**About this exercise**
Copy the following data exactly and drop the pictures.

**Listed entries**
********
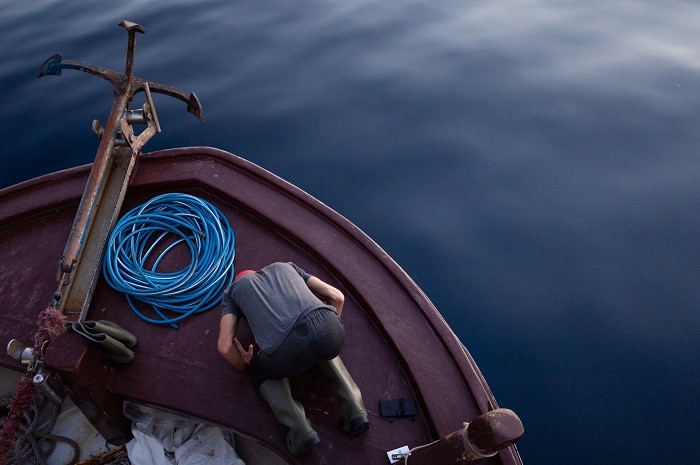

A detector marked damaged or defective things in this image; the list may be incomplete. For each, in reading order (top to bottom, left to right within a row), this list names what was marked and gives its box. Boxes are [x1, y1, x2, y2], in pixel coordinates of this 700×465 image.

rusty metal post [402, 408, 524, 462]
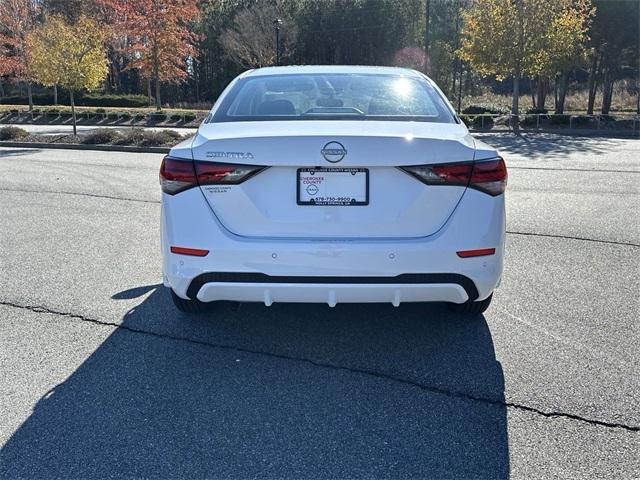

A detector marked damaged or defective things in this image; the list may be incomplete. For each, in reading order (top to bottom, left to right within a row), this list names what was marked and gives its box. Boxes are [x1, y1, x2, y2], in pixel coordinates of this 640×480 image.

crack in asphalt [2, 188, 636, 248]
crack in asphalt [2, 300, 636, 432]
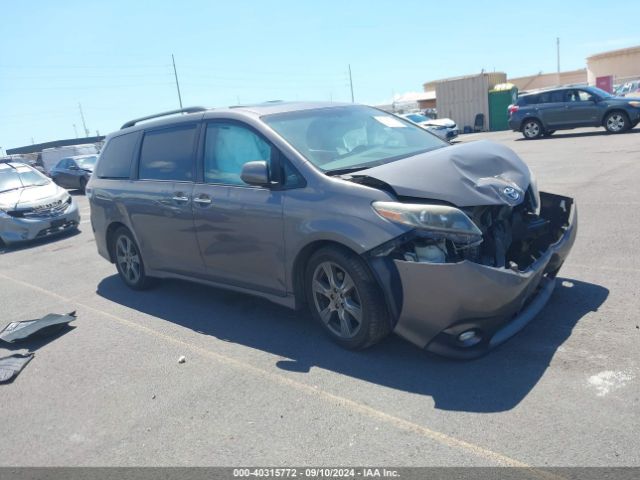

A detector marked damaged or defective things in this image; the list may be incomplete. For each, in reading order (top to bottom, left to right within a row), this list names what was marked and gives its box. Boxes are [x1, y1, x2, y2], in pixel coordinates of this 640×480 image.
********
**Exercise result**
A detector marked damaged or defective things in this image; the list may be incomplete. For each, in reading order (top to bottom, left to right within a row), this list names what was marked and gives its box. Boxes are [x1, y1, x2, y2], in pixel coordinates of this 700×465 image.

rusty metal post [402, 408, 524, 462]

A detector marked damaged or defective things in this image; the list may be incomplete. For each, in reading order (top to bottom, left to right within a row), this list names what was marked and gives its box. Boxes are [x1, y1, x2, y2], in pixel coordinates of this 640×480 image.

crack in asphalt [2, 188, 636, 248]
crack in asphalt [2, 300, 636, 432]

A detector marked damaged or defective things in this image; the list may be incomplete. For each, in reading order (top to bottom, left to right within a row), this list names what was marked and gives its box. Boxes are [x1, y1, x2, y2], in pixel coordinates of this 640×480 image.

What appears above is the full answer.